Luego de su resurrección en la plenaria del Senado el pasado 14 de mayo, la reforma laboral ha superado un nuevo umbral con su aprobación en la Comisión Cuarta del Senado. Este paso confirma que, a pesar de las tensiones políticas y de los diferentes intereses que rodean este tipo de iniciativas, es posible construir acuerdos en el marco institucional y avanzar en reformas con efectos tangibles para los trabajadores. Sin embargo, lo que viene ahora es decisivo: la votación en la plenaria del Senado y luego la conciliación entre los textos aprobados en esta corporación y en la Cámara.
El reto político sigue siendo alto. El Senado en pleno deberá mantener la vocación de consenso, sin presiones indebidas que socaven su autonomía. Y lo que vaya al trámite de conciliación debe preservar el espíritu de concertación que está logrando articular propuestas del Gobierno con planteamientos de diversos sectores políticos, empresariales y sindicales. Lo que ocurre hoy es una muestra de que sí es posible llegar a puntos comunes en un país tan polarizado.
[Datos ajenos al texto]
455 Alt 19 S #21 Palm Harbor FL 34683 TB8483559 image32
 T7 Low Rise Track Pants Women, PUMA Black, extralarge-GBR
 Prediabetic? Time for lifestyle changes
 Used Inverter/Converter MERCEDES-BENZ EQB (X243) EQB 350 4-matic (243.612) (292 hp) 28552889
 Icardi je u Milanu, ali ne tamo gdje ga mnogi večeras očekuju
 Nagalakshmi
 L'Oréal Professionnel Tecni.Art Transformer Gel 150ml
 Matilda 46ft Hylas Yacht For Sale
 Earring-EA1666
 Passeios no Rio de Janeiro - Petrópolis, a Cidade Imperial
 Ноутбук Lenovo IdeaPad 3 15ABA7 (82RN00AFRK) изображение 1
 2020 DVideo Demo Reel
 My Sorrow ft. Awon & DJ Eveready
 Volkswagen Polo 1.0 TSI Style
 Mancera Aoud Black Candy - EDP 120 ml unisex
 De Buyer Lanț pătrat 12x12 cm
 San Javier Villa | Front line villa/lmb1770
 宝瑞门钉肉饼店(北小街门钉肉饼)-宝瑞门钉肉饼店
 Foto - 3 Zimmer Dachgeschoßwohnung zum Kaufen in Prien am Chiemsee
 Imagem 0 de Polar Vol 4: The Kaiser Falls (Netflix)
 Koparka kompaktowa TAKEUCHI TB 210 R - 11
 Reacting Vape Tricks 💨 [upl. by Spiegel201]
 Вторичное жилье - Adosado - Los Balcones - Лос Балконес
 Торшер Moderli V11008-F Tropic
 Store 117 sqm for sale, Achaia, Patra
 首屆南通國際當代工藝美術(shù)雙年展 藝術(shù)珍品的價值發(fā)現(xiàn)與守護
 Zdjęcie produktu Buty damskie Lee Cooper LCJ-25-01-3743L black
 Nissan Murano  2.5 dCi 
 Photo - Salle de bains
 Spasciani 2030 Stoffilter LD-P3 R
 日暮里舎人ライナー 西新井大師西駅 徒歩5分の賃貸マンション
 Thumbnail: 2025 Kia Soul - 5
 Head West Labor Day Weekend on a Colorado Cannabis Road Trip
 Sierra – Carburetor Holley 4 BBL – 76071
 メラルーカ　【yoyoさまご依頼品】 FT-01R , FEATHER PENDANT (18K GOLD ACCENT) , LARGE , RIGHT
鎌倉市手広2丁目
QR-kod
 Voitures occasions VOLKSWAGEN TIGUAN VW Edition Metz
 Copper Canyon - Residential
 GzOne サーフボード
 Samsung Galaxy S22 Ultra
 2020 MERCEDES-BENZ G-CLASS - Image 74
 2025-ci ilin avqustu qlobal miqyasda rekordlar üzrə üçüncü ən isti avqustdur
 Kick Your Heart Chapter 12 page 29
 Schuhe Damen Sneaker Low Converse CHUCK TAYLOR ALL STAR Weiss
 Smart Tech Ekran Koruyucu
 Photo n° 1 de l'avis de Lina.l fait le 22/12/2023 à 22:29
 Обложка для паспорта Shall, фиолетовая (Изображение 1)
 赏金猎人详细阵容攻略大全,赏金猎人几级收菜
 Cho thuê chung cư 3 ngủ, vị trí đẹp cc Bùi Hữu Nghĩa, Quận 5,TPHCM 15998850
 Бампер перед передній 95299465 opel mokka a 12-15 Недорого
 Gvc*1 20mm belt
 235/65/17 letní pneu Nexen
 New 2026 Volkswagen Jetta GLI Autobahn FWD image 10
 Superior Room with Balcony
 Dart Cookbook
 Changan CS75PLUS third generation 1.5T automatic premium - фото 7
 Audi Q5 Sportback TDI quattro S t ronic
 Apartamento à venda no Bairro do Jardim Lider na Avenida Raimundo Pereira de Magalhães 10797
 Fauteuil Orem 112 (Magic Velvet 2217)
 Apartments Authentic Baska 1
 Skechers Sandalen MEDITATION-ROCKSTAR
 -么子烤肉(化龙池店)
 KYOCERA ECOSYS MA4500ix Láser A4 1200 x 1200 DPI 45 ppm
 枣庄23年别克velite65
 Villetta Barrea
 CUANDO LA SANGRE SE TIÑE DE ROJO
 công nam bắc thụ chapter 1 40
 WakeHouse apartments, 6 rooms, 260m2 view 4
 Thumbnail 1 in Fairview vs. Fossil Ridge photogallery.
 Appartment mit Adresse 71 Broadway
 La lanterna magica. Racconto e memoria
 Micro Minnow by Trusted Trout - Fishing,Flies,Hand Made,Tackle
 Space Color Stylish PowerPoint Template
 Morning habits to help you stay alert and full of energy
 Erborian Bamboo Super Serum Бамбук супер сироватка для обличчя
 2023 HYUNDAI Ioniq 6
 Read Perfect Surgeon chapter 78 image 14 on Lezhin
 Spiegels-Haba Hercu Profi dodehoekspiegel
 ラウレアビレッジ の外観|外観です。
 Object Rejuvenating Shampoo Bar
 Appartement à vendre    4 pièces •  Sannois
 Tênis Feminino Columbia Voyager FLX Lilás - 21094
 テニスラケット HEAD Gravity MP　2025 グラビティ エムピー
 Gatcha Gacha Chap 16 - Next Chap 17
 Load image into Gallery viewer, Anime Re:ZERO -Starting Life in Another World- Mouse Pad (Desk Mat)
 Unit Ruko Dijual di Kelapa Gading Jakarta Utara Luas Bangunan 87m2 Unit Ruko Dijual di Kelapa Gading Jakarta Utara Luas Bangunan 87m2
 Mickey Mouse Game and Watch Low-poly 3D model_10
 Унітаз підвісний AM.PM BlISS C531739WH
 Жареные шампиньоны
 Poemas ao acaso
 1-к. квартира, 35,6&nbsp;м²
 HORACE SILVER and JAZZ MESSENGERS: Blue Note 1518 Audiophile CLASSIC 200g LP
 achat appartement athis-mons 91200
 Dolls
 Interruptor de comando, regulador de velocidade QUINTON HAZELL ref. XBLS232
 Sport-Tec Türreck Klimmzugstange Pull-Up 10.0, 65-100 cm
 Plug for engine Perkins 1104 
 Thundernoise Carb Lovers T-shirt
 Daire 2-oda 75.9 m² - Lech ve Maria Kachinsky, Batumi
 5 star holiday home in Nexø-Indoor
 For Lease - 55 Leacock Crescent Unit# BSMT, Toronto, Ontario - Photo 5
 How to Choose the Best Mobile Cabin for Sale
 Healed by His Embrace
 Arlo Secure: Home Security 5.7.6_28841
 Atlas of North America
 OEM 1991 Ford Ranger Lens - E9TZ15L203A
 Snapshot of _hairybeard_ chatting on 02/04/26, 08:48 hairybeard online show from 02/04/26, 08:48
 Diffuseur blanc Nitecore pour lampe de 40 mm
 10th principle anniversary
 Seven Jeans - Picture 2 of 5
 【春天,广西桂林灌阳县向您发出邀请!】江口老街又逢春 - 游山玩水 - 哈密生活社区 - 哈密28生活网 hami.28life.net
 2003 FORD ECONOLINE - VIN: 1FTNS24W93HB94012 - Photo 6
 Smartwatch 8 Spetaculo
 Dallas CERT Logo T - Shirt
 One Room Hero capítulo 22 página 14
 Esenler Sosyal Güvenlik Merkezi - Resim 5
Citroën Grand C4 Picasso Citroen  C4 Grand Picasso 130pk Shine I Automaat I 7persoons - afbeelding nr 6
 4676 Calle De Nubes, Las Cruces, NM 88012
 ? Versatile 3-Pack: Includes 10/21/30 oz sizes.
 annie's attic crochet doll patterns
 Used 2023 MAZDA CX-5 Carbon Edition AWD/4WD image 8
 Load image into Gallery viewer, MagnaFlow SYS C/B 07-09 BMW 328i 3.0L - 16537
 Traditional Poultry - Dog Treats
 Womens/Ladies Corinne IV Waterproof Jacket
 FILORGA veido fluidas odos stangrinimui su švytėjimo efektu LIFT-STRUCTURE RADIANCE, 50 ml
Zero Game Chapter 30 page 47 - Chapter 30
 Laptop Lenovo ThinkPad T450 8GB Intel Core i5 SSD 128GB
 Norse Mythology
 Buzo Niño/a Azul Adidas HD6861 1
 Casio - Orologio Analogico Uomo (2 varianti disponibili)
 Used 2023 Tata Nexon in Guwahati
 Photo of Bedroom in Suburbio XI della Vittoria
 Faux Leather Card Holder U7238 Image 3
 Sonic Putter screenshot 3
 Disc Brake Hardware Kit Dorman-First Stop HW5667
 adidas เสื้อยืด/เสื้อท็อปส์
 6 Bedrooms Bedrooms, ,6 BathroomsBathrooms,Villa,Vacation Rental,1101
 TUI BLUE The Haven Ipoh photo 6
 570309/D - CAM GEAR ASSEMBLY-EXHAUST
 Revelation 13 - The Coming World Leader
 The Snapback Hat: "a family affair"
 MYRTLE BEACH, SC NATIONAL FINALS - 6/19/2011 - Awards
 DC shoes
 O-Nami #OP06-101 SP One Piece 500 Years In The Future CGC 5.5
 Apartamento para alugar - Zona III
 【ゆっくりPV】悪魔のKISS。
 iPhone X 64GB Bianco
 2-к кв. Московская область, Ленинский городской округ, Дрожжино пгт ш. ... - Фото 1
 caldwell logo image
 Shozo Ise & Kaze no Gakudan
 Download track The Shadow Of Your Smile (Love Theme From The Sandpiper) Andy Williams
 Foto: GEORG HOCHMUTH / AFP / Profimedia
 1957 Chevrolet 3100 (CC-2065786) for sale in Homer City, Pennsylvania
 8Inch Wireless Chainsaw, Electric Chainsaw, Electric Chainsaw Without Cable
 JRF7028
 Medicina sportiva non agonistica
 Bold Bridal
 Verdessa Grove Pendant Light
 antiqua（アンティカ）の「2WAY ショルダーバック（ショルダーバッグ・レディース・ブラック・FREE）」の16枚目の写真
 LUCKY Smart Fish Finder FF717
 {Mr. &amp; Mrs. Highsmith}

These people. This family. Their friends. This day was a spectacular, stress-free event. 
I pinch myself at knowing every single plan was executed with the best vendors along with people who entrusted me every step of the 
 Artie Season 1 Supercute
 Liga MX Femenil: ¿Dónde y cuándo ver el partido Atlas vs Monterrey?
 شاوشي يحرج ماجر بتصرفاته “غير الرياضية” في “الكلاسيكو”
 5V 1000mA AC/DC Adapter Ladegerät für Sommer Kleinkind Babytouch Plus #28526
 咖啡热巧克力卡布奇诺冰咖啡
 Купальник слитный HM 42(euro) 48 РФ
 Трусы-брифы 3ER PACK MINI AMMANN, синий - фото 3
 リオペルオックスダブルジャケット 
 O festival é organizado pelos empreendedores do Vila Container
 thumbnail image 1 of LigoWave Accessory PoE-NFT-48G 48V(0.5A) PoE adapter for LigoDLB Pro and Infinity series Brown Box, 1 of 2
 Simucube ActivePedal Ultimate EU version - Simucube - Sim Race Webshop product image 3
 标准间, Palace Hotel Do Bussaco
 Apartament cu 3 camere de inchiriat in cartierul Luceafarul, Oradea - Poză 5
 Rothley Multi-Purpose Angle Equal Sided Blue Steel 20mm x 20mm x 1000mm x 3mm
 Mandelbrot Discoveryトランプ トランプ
Sabotear ahora esa construcción sería irresponsable y nocivo para la democracia.
En esa lógica, tanto el Congreso como el Ejecutivo tienen una obligación clara: elevar el debate, dejar de lado posturas intransigentes y trabajar para que avance un texto coherente, que le convenga al país y con respaldo amplio. La reforma laboral no puede convertirse en botín de ninguna de las partes y menos en campo de batalla de una campaña electoral anticipada. Tampoco, reiteramos, en un instrumento de chantaje por parte del Ejecutivo, que por el momento puede darse por satisfecho, a la luz del articulado aprobado en la mencionada comisión. Y sin necesidad de apelar a la división y a la agitación social.
Se ha confirmado que es en el debate legislativo donde deben encontrarse y conjugarse las diferentes visiones del país.
Porque el llamado a una huelga general, promovida desde la Casa de Nariño con argumentos difusos, ha sido una señal equivocada. Más allá de que la convocatoria no resultó lo que esperaban sus organizadores, dada la baja afluencia de manifestantes, el antecedente de usarla como mecanismo de presión alimentado por mensajes del Ejecutivo es inconveniente.
Hay que recordarlo con claridad: Colombia no es un régimen totalitario, y es precisamente en el debate legislativo donde deben encontrarse y conjugarse las diferentes visiones del país. Por eso, es equivocada y de un alto riesgo la amenaza del Gobierno de que convocará la consulta popular por decreto si el Senado no vuelve a votar la que hundió por mayoría. El cauce correcto en un Estado derecho es que el Ejecutivo acuda a las instancias jurídicas para llevar sus argumentos en contra de la votación de los senadores, en vez de plantear una ruptura institucional de consecuencias impredecibles.
Es necesario actuar con sentido de Estado, comprendiendo que el camino es el trámite de la reforma y que una buena ley no es la que le da la razón completa a un sector, sino la que logra sintetizar las necesidades y aspiraciones de una sociedad plural y compleja como la colombiana.
En últimas, el resultado de esta etapa deberá ser una reforma que refleje el consenso, que garantice mejores condiciones laborales, que proteja la creación de empleo y la sostenibilidad empresarial, sobre todo, que surja del respeto a las formas y los canales democráticos. El camino que sigue es una oportunidad para demostrar que en Colombia todavía se puede deliberar y legislar con altura.